Your goal:
What is needed is an exact reproduction of the lines from the one that contains "In the next" through the end of the data, both included and nothing else, with pictures omitted.

(Entries supplied begins)

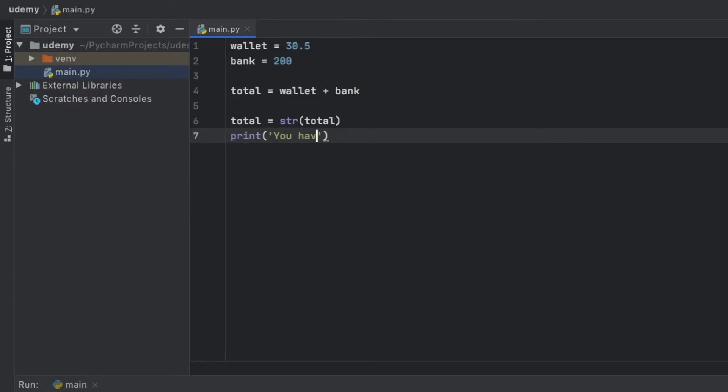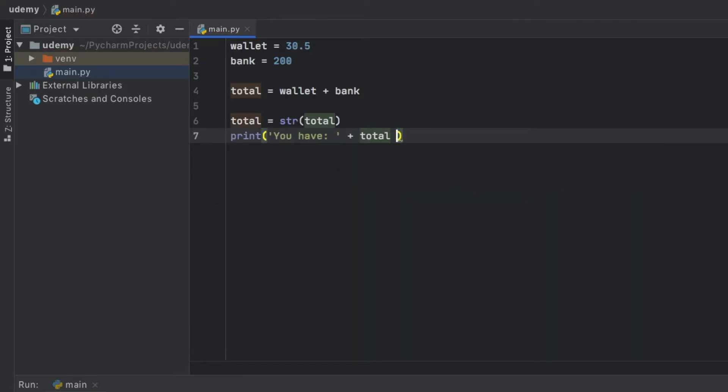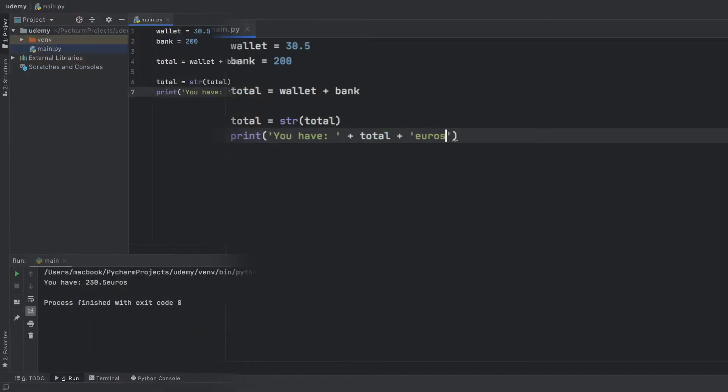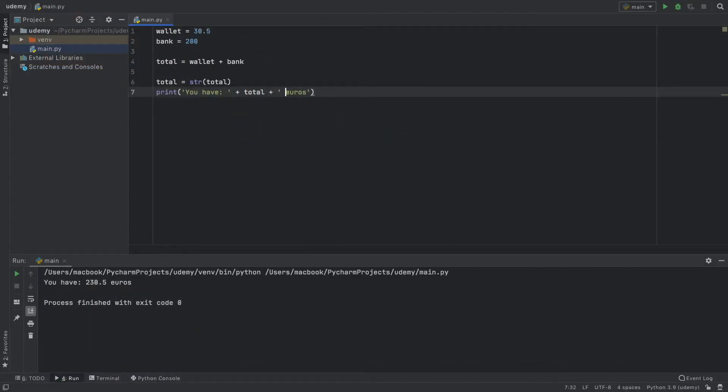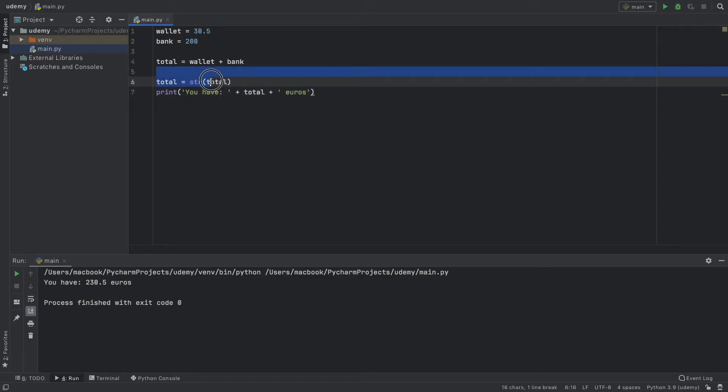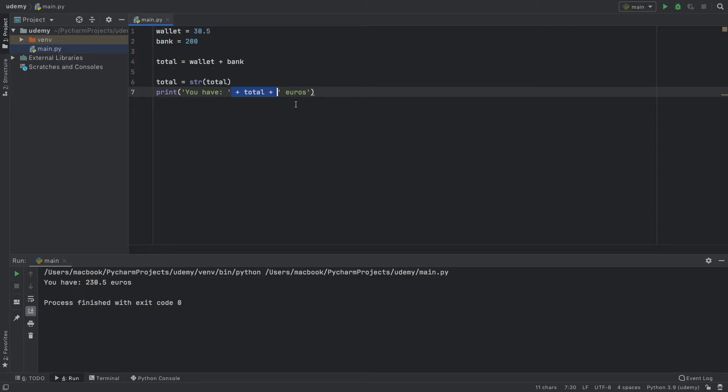The benefit of doing that is that we can now type you have plus total plus euros. When we run the program, it's going to say you have 230.5 euros and there are no errors because we turned it into a string before using it in this concatenation of strings.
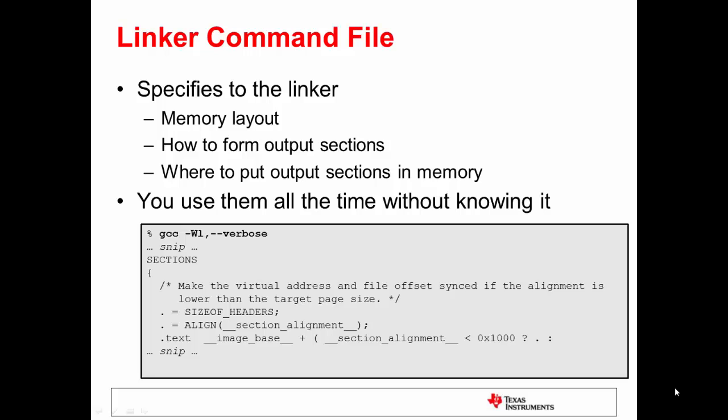Hello, this is George Mock with Texas Instruments. Welcome to this quick tip video about the linker command file.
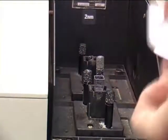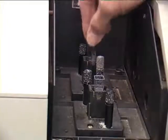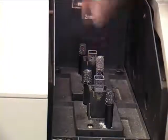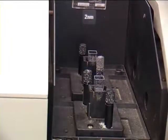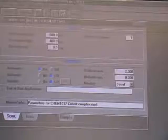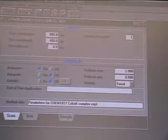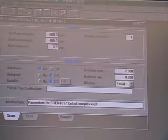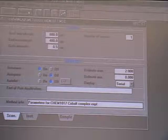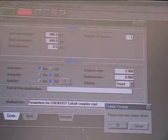The cuvettes are then placed inside the spectrometer and the lid closed. To run the reference, click AutoZero in the UV-Vis program and click OK.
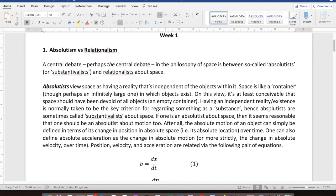The relationist takes the opposite view. For the relationist, space isn't independent of the objects in it — it doesn't make sense to think about space without any objects in it; there simply could be no such thing because space is purely relational. The fish tank analogy is deeply flawed for them: we might imagine a fish tank without stuff in it, but the idea of a space without stuff makes no sense. Space just isn't independent of the stuff within it.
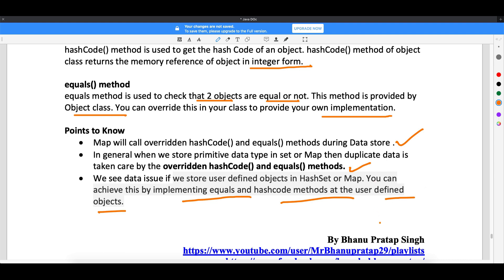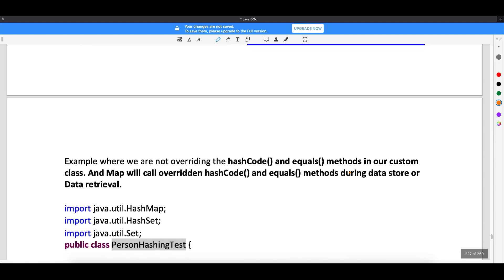In the next video, we will start with an example to see how data gets stored into memory, how hash code and equals work, starting with the default implementations in HashMap before moving to our own custom implementations of hash code and equals.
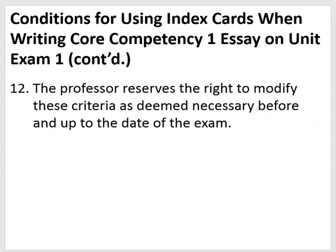The professor reserves the right to modify these criteria as deemed necessary before and up to the date of the exam. That's it for Part 2 of this special lecture presentation on the core competencies. Next up, Part 3 will deal with the specifics of core competency two, Personal Responsibility.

(Entries supplied ends)

Exercise answer:
In the next video, we will start with an example to see how data gets stored into memory, how hash code and equals work, starting with the default implementations in HashMap before moving to our own custom implementations of hash code and equals.
The professor reserves the right to modify these criteria as deemed necessary before and up to the date of the exam. That's it for Part 2 of this special lecture presentation on the core competencies. Next up, Part 3 will deal with the specifics of core competency two, Personal Responsibility.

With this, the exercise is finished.